Then on top of that, Lupton’s voting base seemed quite old (often the most hostile to Greens) whereas younger Labor voters probably put other INDs first, which resulted in the other INDs having better preference flows to the Greens too.
And of course Lupton’s very aggressive anti-Greens campaign meant he probably scared off a lot of Labor voters who aren’t hostile to the Greens, and his support skewed more to people who favour the Liberals anyway.
But it was interesting to note that the non-Lupton “Other” vote did actually favour the Greens.
BSF – quinella. Surprisingly no.
I picked a narrow Labor win in one and a narrow Green one in the other, so I got one out of two right.
Congrats to the winning Labor candidate, who came across to me as well spoken and intelligent.
State Labor got a warning last Saturday, they’ll need to spend a lot more on services in the Western part of Melbourne.

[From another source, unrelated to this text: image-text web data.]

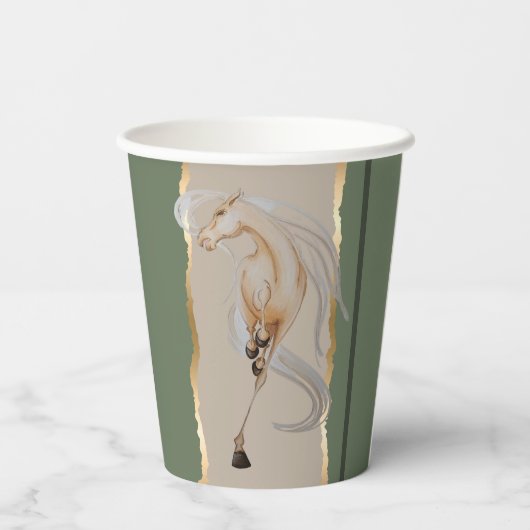 Elegantes Pappgeschirr mit edlem Pferdemotiv Papieren Bekers (Achterkant)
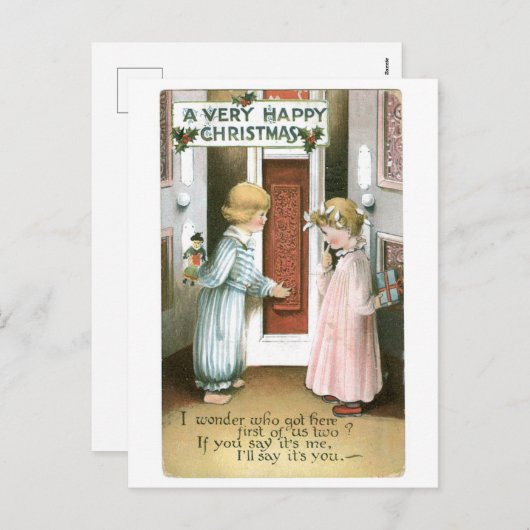 Cartes Pour Fêtes Annuelles Ancien Noël, garçon & fille (Devant / Derrière)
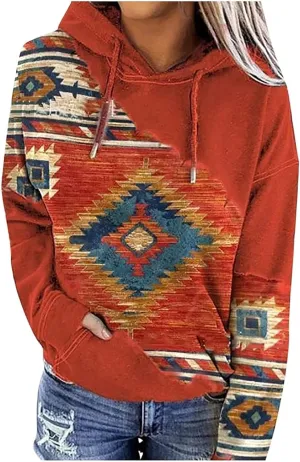 Women's Aztec Hoodie Western Clothes for Women Geometric Ethnic Graphic Western Sweatshirts Sweater Shirts Girls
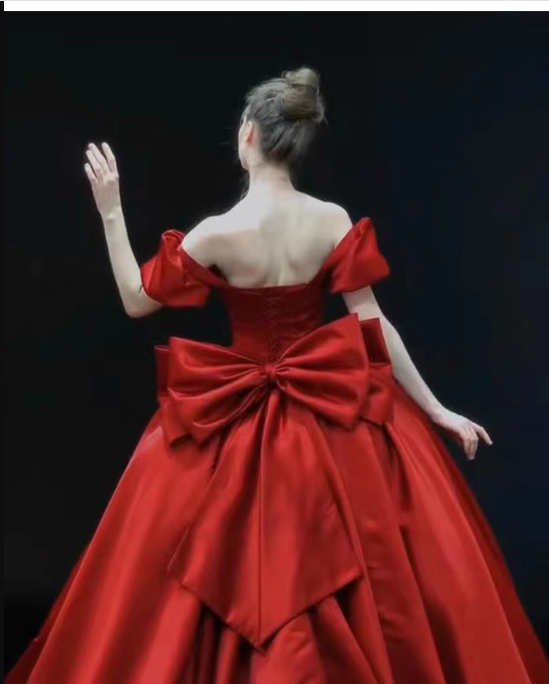 Robe de bal simple en satin rouge, robes de bal longues, C99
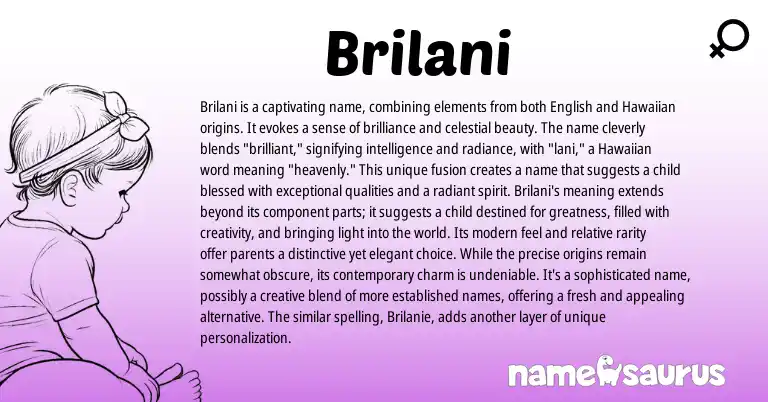 Infographic about Brilani name meaning, Brilani is a name from Hawaiian origin(s).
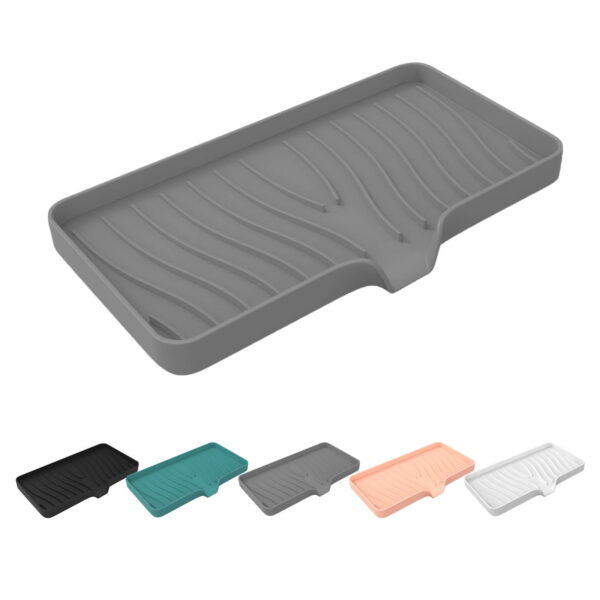 Sunshinehomely Silicone Sink Sponge Holder, Sponge Holder for Kitchen Sink, Silicone Bathroom Soap Dishes with Drain Spout, Silicone Dish Soap Tray, Shower Soap Holder, Kitchen...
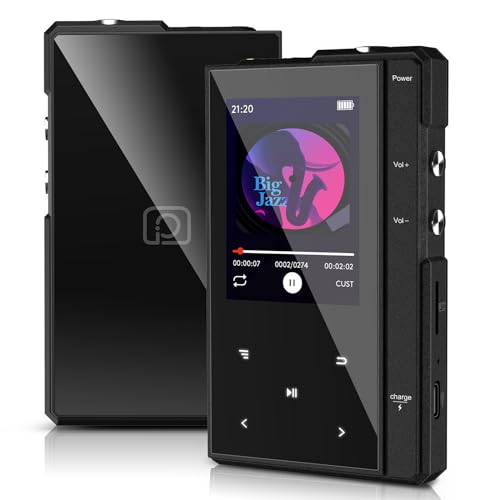 32GB MP3 Player with Bluetooth 5.0, Phinistec Z6 Portable Music Player with HD Speaker, Super Battery Life Digital Audio Player with FM Radio, E-Book, Voice-Recorder Player Supports up to 256GB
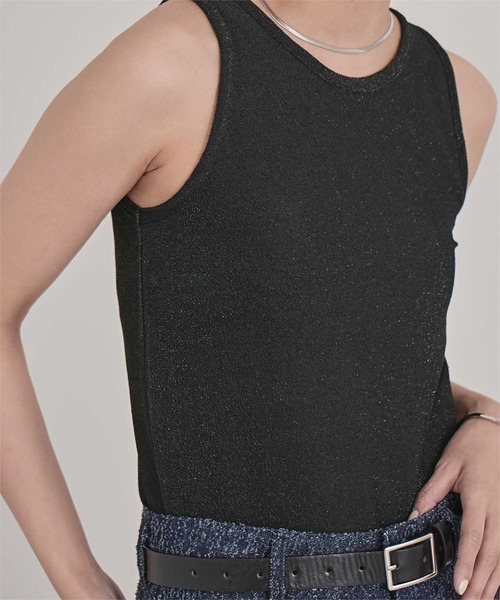 miette（ミエット）の「カップ付きラメアメスリタンクトップ（タンクトップ・レディース・ブラウン/シルバー/ブラック・FREE）」の9枚目の写真
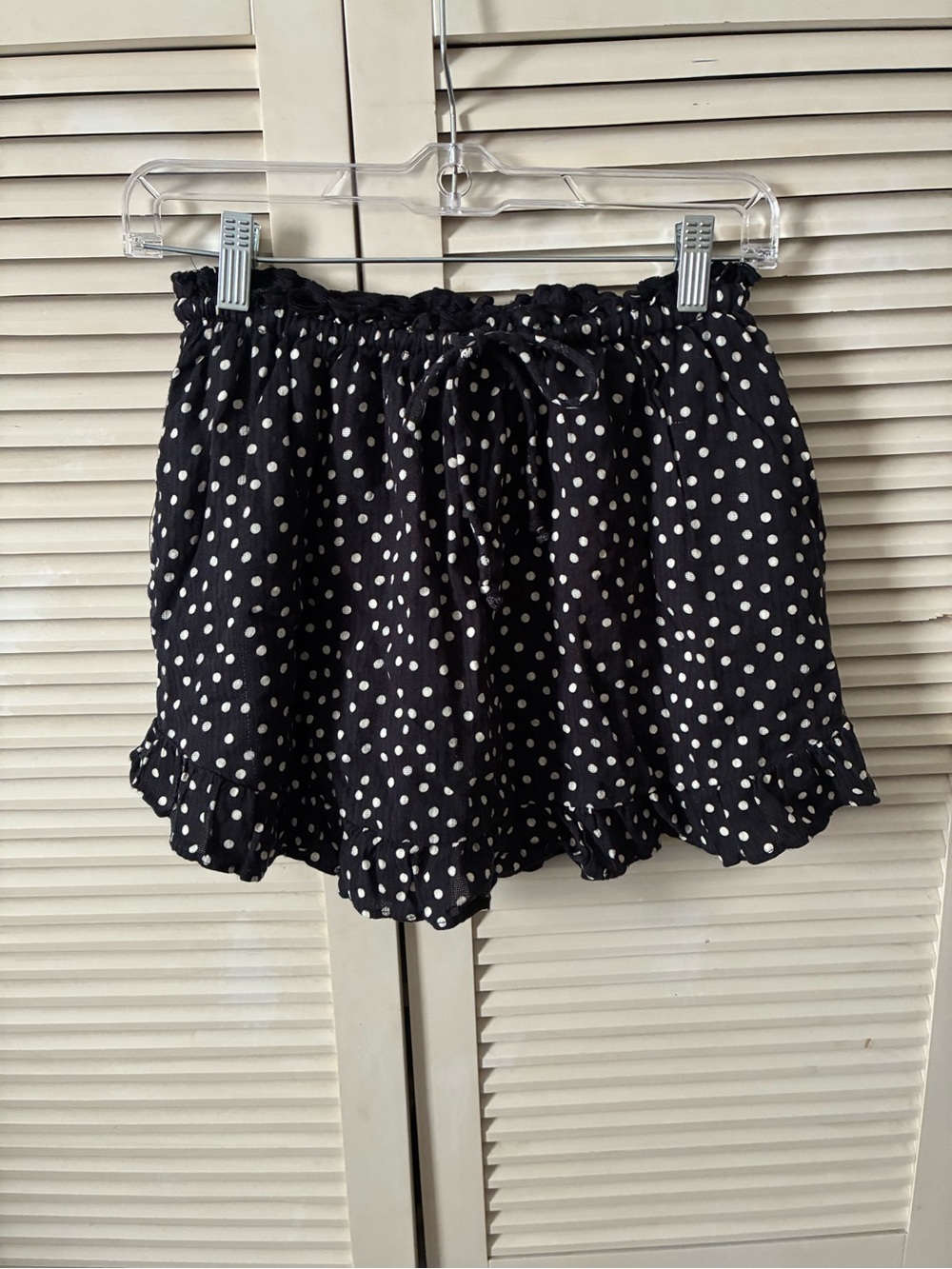 Free People Black Polka Dot Ruffle Skort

Macnamara is quite interesting.
Last election primaries:
* ALP 32%
* GRN 30%
* LIB 29%
The most recent poll we have is this from Redbridge dated June-2024
* ALP 30%
* GRN 21%
* LIB 36%
Link: https://redbridgegroup.com.au/wp-content/uploads/2024/06/RedBridge-report-Macnamara-seat-poll-June-2024.pdf
I accept the sample is 400, and the poll is 8 months old. I appreciate most posters will run straight to the shredder with this sort of poll data. However…
* I think most of us are in agreement that the ALP Fed vote in Mac will fall below the Greens.

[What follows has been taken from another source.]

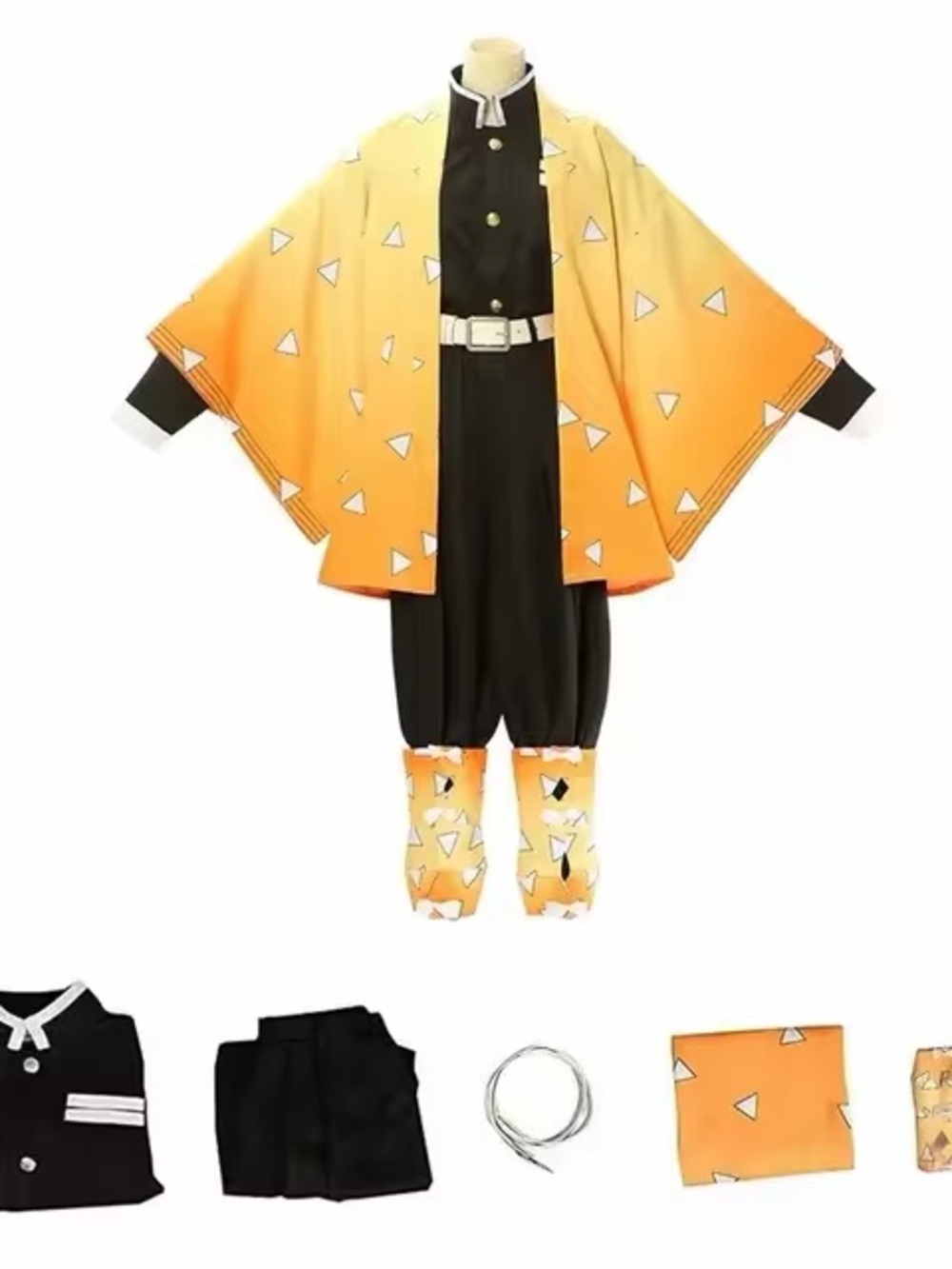 Kids Zenitsu Cosplay Costume with Black Uniform with wig - Demon Slayer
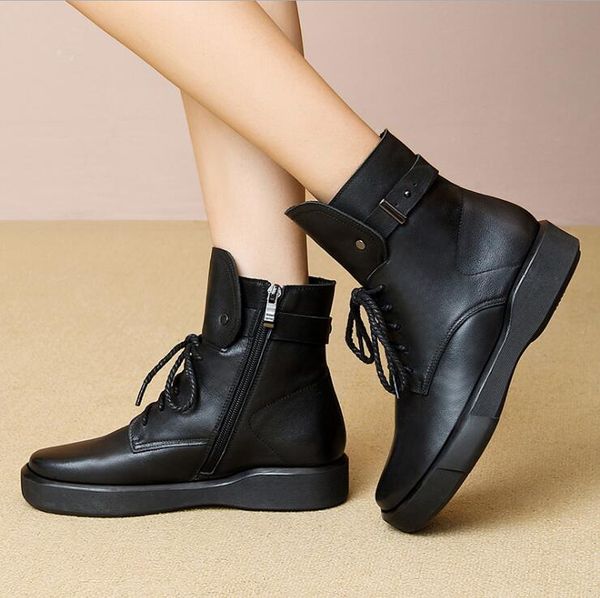 

black flat bottom boots thick bottom thick heel lace-up women's shoes low tube solid color round toe fashion side zipper women's b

* So this division is looking like a Grn v Lib 2PP re-match… federally.
* Will depend on where ALP preferences flow.
* ALP voters were reasonably disciplined on Saturday with their preferences from Lupton.

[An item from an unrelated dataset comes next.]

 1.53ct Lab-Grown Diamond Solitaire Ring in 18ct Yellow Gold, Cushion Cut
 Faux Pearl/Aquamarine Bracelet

* Unlikely, but still a remote possibility, that Josh Burns will direct his preferences to the Libs ahead of the Greens. If he get’s the backing of someone like Bracks again, this seat will get v interesting.
* Still requires the Libs to increase their primary to around the 37-39% mark.
* According to Redbridge above, they’re not that far off.
A Federal Division to be watched closely.
@nadia88, I don’t think the Prahran result really changes my thoughts on Macnamara at all.
Macnamara’s result really hinges on one thing: the Labor vote. There are only 594 votes between Labor & Greens and the order of those two determines who wins the seat.
I think it’s safe to say there will be a swing to the Liberals in Macnamara for a number of reasons, so they will remain first in the 3CP count but they can’t actually win (only a +5 primary vote swing in Prahran, under very favourable circumstances, reinforces that), which means it will come down to whoever finishes higher out of Labor & Greens.
But in the absence of a Labor candidate, there’s really no way to know how well the Labor vote held up. It’s safe to say both Labor & Greens will cop a negative swing, but who has a larger one? Hard to tell.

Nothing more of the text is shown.